Mevrouw Minh Nguyet, wiskundedocente aan de middelbare school Giang Vo, herinnert leerlingen aan belangrijke onderdelen waarmee ze kunnen voorkomen dat ze punten verliezen bij elk type vraag op het wiskunde-examen voor de 10e klas in Hanoi .
Het toelatingsexamen voor de 10e klas van Hanoi vindt dit jaar plaats van 10 tot en met 11 juni. Kandidaten leggen op de ochtend van 11 juni het wiskunde-examen van 120 minuten af in de vorm van een essay. Volgens mevrouw Minh Nguyet zijn er enkele algemene opmerkingen voor het wiskunde-examen:
- Onderstreep bij het lezen van de vragen de belangrijke woorden met potlood. Schrijf vooral geen foute vragen. Neem even de tijd om te controleren of de vragen die je op het toetsblad schrijft, correct zijn.

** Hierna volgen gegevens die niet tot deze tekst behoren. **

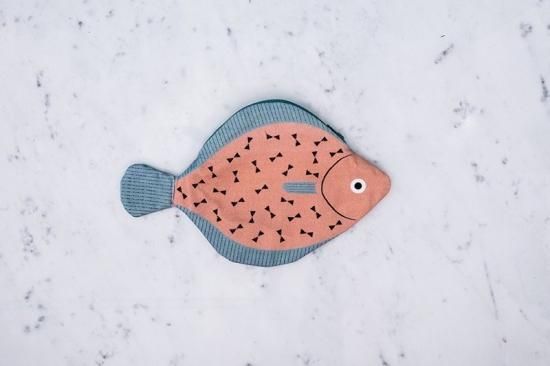 Donfisher ドンフィッシャー Turbot Case 魚ポーチ ピンク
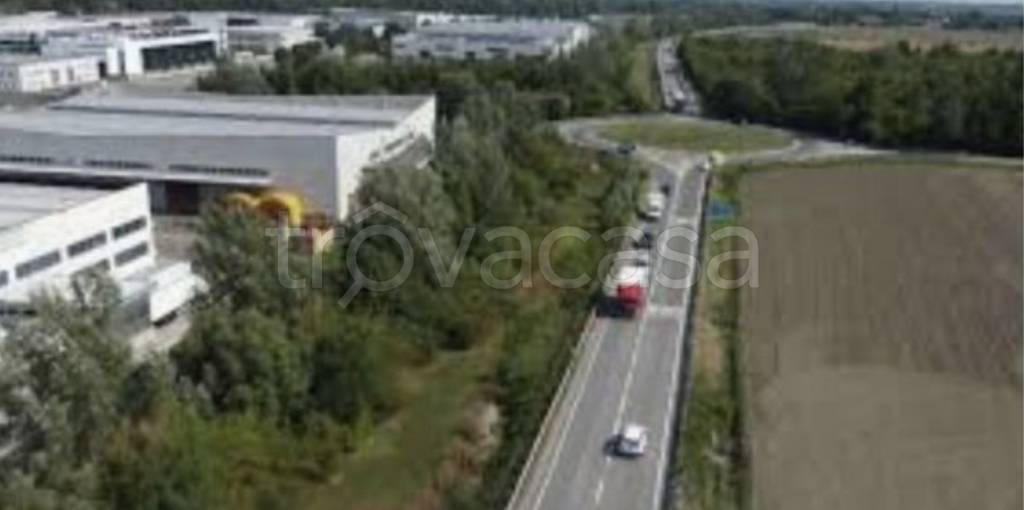 terreno edificabile in vendita a Modena in zona Crocetta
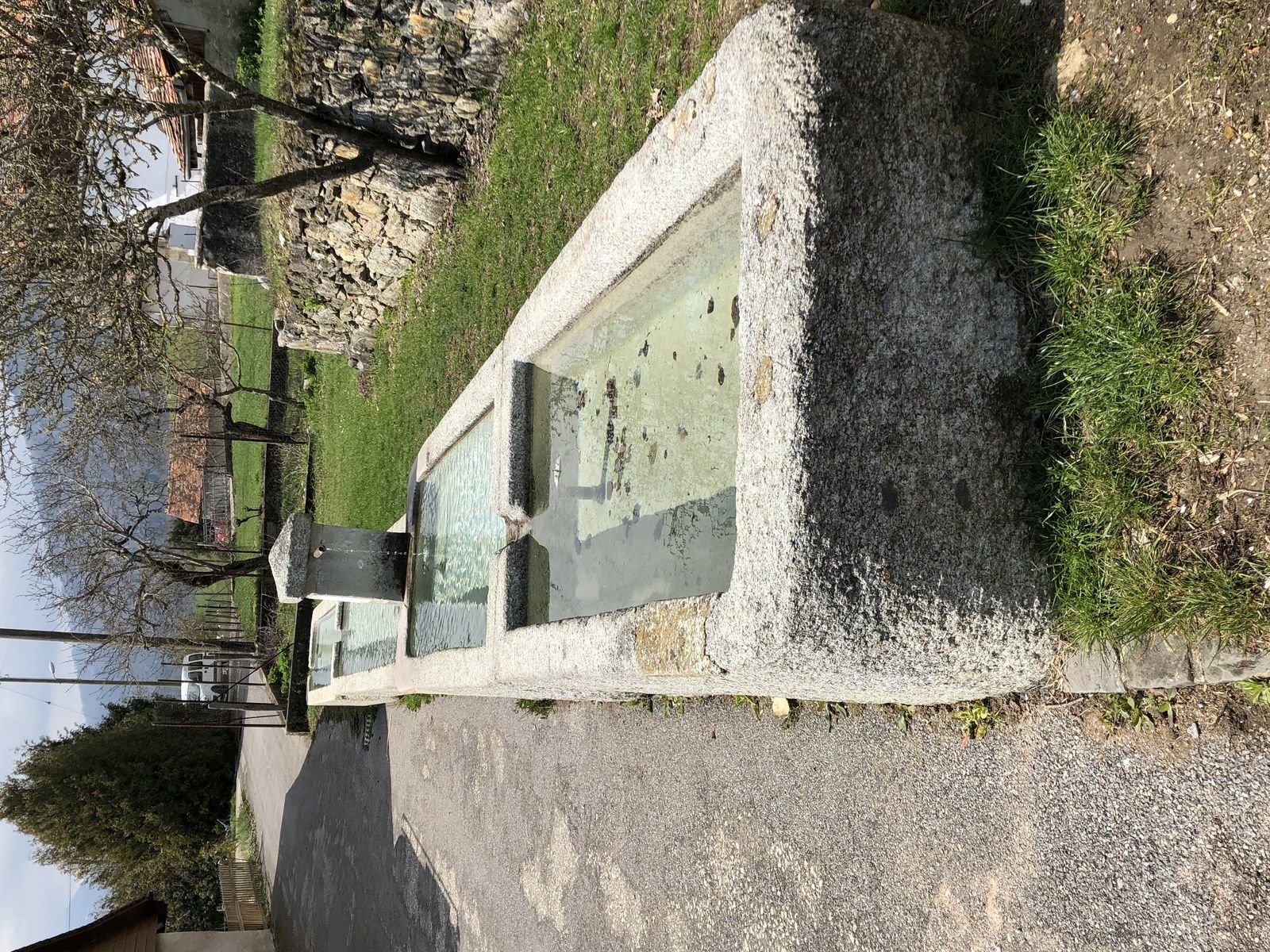 Mardi 9 Avril : Le long de l'Arnon , Villards Burquin, Champagne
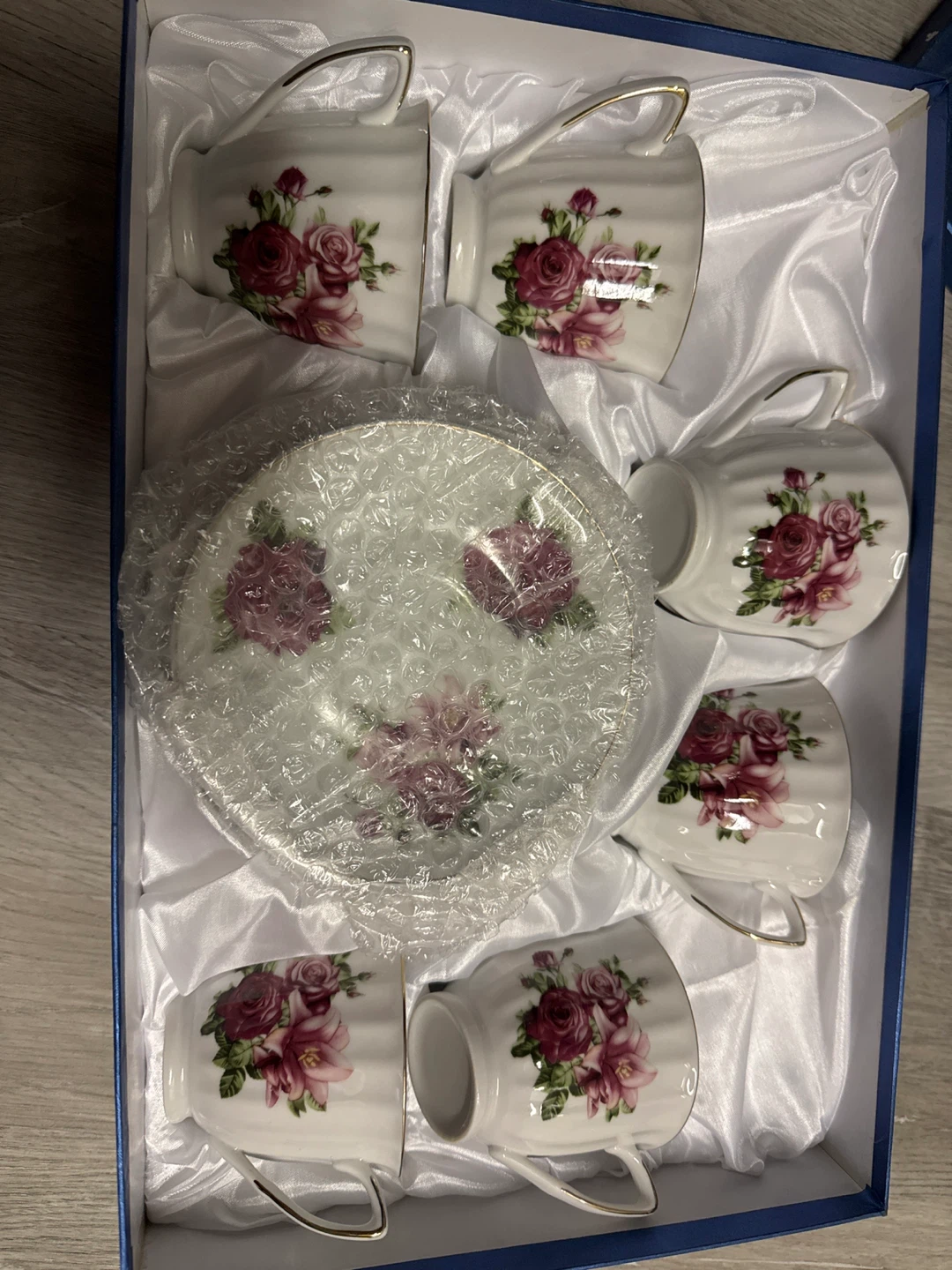 Rose Pattern Teacup and Saucer Set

- Presenteer niet onzorgvuldig en neem geen risico's. Wiskundescores worden met twee vermenigvuldigd bij het berekenen van de toelatingsscore, dus elke fout verdubbelt het totale examencijfer.
- Bij het corrigeren moeten leerlingen het foute deel doorstrepen en vervolgens het nieuwe cijfer of de nieuwe letter ernaast schrijven; verbeter niet door het foute deel over te schrijven. Dit is een veelgemaakte fout van leerlingen.
- Wat betreft de tijdsbesteding: lees de hele test door, doe eerst de makkelijke vragen en daarna de moeilijke. Wanneer je je maximale score hebt bereikt, neem dan even de tijd om de oefeningen die je hebt gemaakt te bekijken, zodat je geen ideeën mist die je wel kunt toepassen.
Mevrouw Nguyet en leerlingen van de middelbare school Giang Vo, lichting 2016-2020. Foto: Aangeboden door het personage
Daarnaast vertelde mevrouw Nguyet de leerlingen het volgende over elk type vraag in het wiskunde-examen van groep 10:
1. Verkorte vorm, berekening van de expressiewaarde en aanvullende vragen
Bij het berekenen van de waarde van een uitdrukking moeten leerlingen controleren of de waarde van de variabele aan de opgegeven voorwaarde voldoet en deze vervolgens in de uitdrukking invullen. Leerlingen moeten de rekenmachine gebruiken om het resultaat opnieuw te controleren om te voorkomen dat ze fouten maken met het eenvoudigste idee van de toets.
Bij het vraagstuk van het vereenvoudigen van uitdrukkingen moeten studenten op het volgende letten:
- Bij het aftrekken van polynomen moet u de polynoom tussen haakjes zetten en vervolgens de haakjes verwijderen volgens de regel om verwarring met de tekens te voorkomen.
- Vergeet het koppelteken niet.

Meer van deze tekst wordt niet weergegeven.